Das deutsche Magazin Stern, das der Prominenz sonst gerne viel Platz einräumt, macht daraus eine Covergeschichte und illustriert sie, in guter, alter Politik-Magazin-Tradition, mit einer Zeichnung, die Politiker als Witzfiguren in einem vergoldeten Jet zeigt. Autor Walter Wüllenweber lässt in seiner recht kurz geratenen Covergeschichte wissen, dass er "ein echter Party-Pupser" ist und "auch sonst zieht ihn nichts nach Sylt". In den Zeilen dazwischen bedient er die gängigen Klischees von der abgehobenen "Politprominenz", die feiert, "während Deutschland Gas-Notstand und Rezession drohen". So wird sein Text in der Online-Version angeteasert. Dazu die Frage: "Ein Kalkül?"

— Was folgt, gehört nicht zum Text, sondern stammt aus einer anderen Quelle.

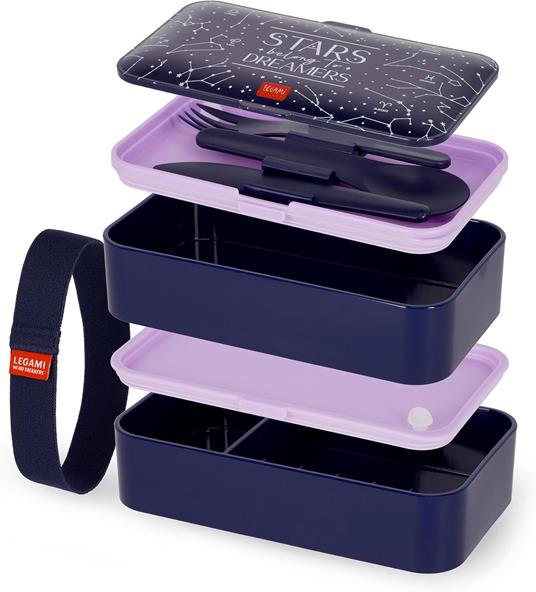 Legami - Porta Pranzo, Lunch Box con 3 Posate Incluse, Stars, Contenitore Porta Pranzo, Capacità 1200 ml, a Prova di Perdite - 4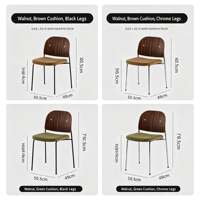 Chaises de salle à manger Yuechun avec dossiers en noyer, design Bauhaus, sièges rembourrés, empilables, idéales pour les petits espaces dans les hôtels.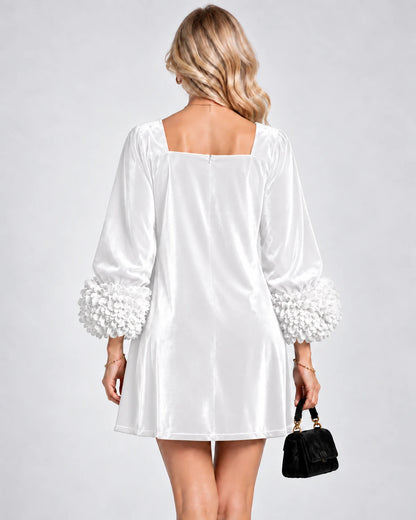 Valerienne Mini Dresses — White | SKU: RB-3654ac-white-XS,RB-3654ac-white-S,RB-3654ac-white-M,RB-3654ac-white-L,RB-3654ac-white-XL,RB-3654ac-white-2XL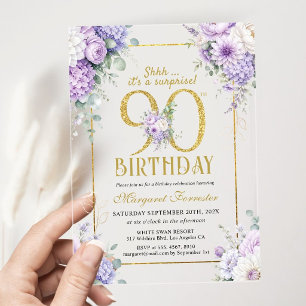 90th Birthday Gold Frame Purple Floral Femmine Acrylic Invitations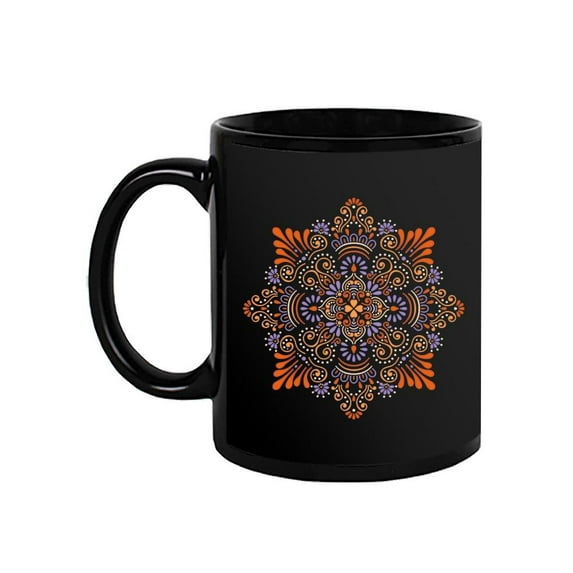 Mandala Orange Flower Mug Mug -Image by Shutterstock,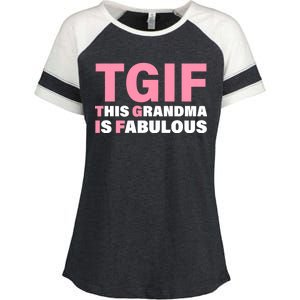 TGIF This Grandma Is Fabulous Enza Ladies Jersey Colorblock Tee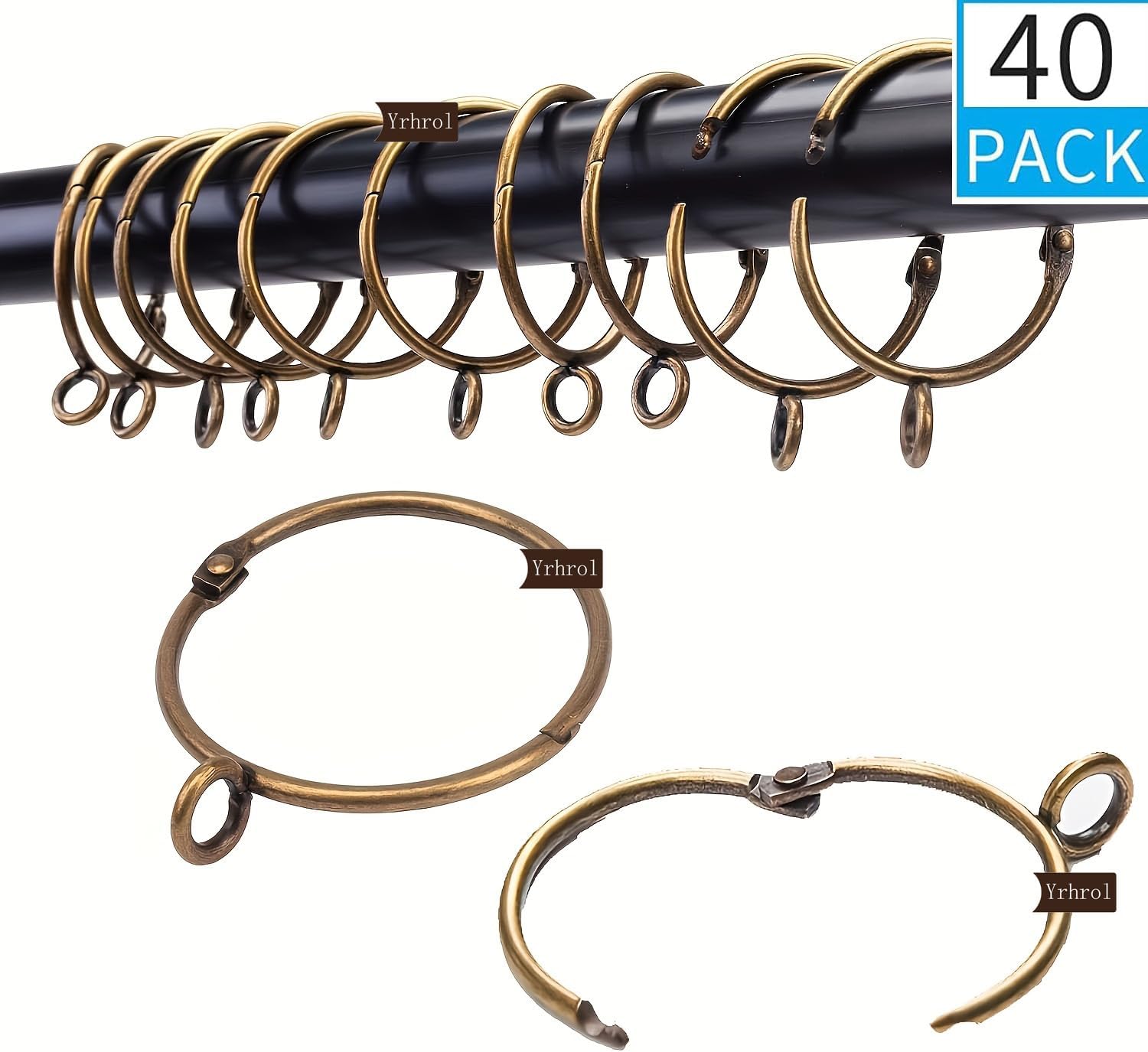 40 Pcs Openable Curtain Rings with Eyelets Antique Brass 1.5Inch Strong Metal Heavy Duty Rustproof Metal Drapery Rings, Curtain Rings for Bathroom, Living and Guest Room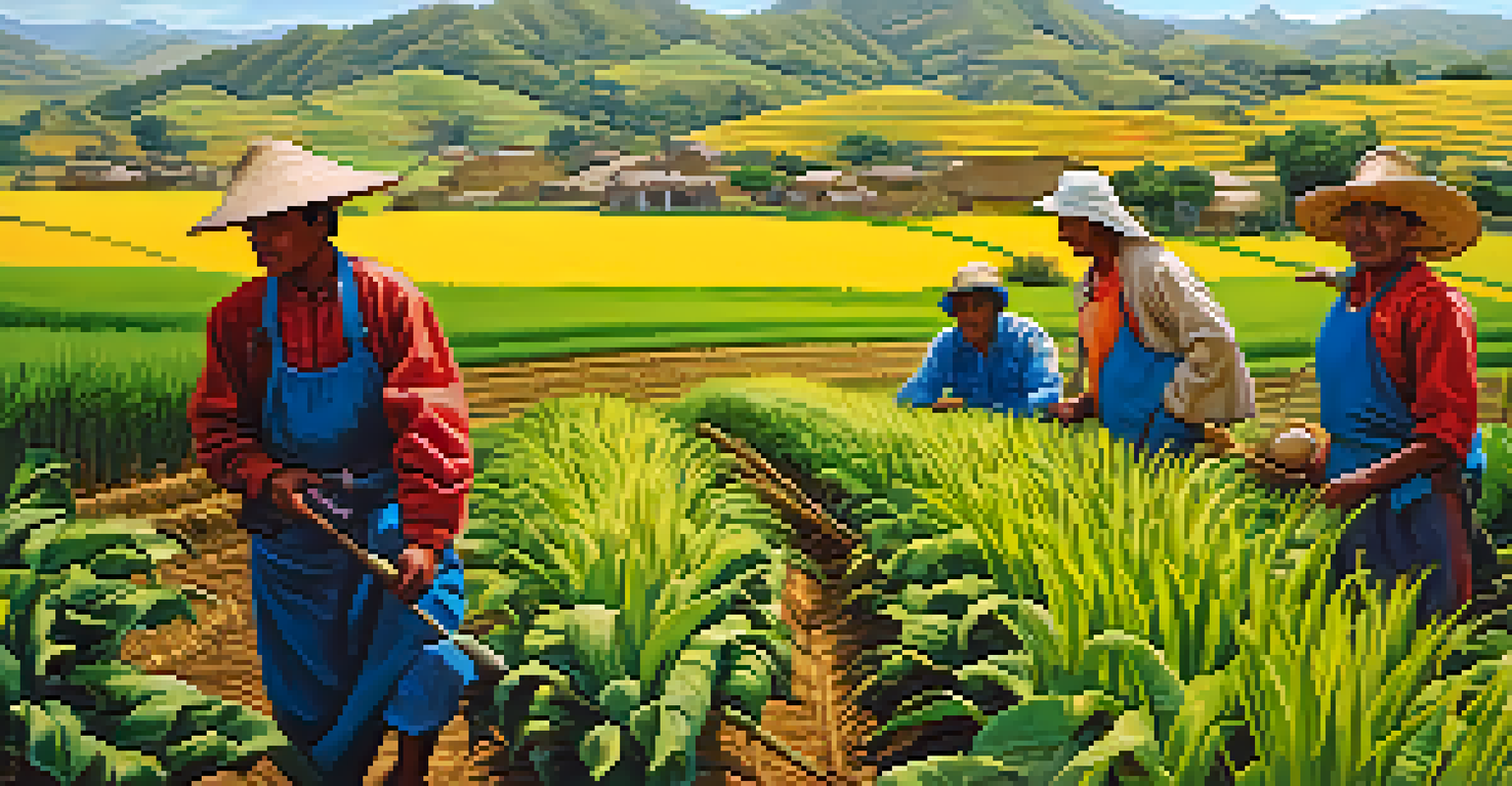 Local farmers working in vibrant fields in Peru, showcasing agricultural reforms and a sense of community.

Beim Lesen fragt man sich mehr, was das Kalkül des Stern war, diesen eher simplen Gedankengang zu einer Covergeschichte mit viel Emotion, aber wenig Fakten aufzublasen. Denn damit bedient das Blatt genau jene Ressentiments von den abgehobenen Eliten, die gegen das Volk regieren, die gerade von ultrarechten bis rechtsextremen Kanälen verbreitet werden (siehe auch Artikel Seite 30).